> [Given material]:
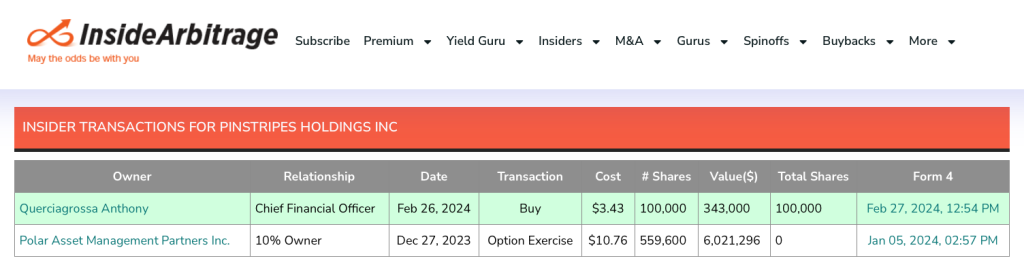 Pinstripes Insider Transactions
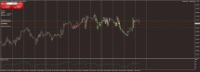Chart EURUSD.c, H1, 2024.05.02 08:39 UTC, SQ Sey Ltd, MetaTrader 4, Real
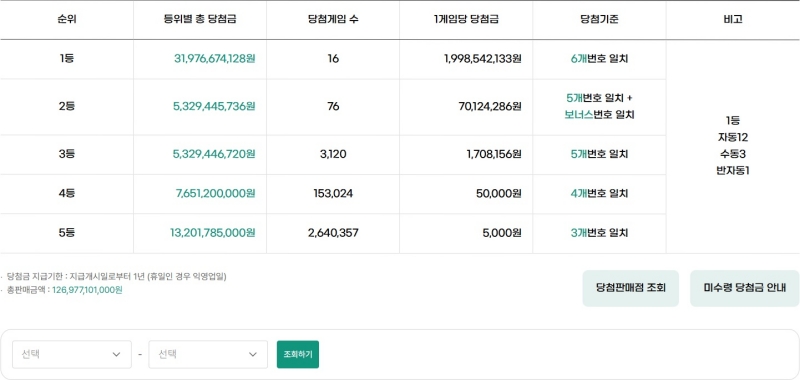 1215회 로또 당첨금액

> [Problem statement]:
Give again exactly the lines from the one that contains "Chart EURUSD.c, H1, 2024.05.02" through the end of the material, both ends included, omitting the pictures.

> [Answer to this problem]:
Chart EURUSD.c, H1, 2024.05.02 08:39 UTC, SQ Sey Ltd, MetaTrader 4, Real
 1215회 로또 당첨금액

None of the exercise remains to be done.